• [AIM OF THE EXERCISE] Only these lines of the data below are wanted: the one with "Cadılar Bayramı arka", the one with "King Suite - Non-Smoking image 1", and any lines between them, each repeated exactly.

• [DATA TO EXAMINE]
Start of Block
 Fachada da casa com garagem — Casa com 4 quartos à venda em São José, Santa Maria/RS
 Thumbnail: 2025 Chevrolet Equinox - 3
End of Block
Start of Block
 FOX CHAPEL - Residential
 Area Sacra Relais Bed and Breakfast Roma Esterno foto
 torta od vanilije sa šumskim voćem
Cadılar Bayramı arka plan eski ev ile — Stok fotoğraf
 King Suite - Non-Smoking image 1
End of Block
Start of Block
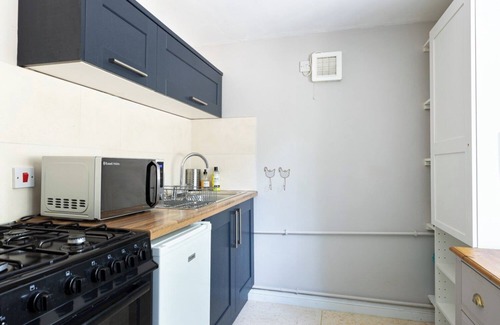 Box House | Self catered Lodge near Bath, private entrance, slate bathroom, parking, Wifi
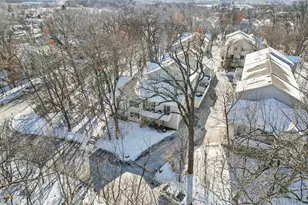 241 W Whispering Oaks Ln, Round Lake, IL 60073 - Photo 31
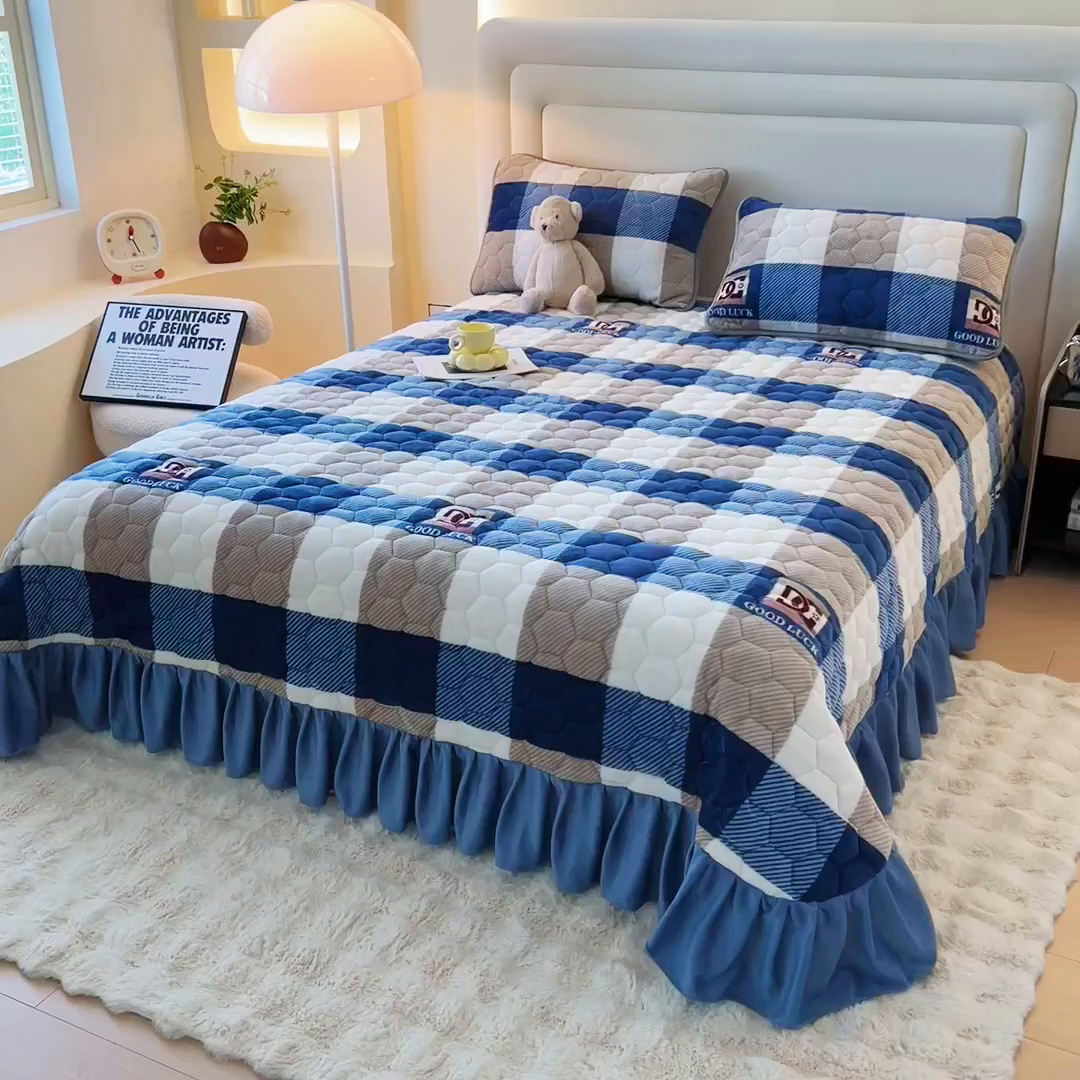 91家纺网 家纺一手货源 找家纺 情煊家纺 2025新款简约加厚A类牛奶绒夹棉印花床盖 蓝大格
End of Block
• [TASK OUTPUT]
Cadılar Bayramı arka plan eski ev ile — Stok fotoğraf
 King Suite - Non-Smoking image 1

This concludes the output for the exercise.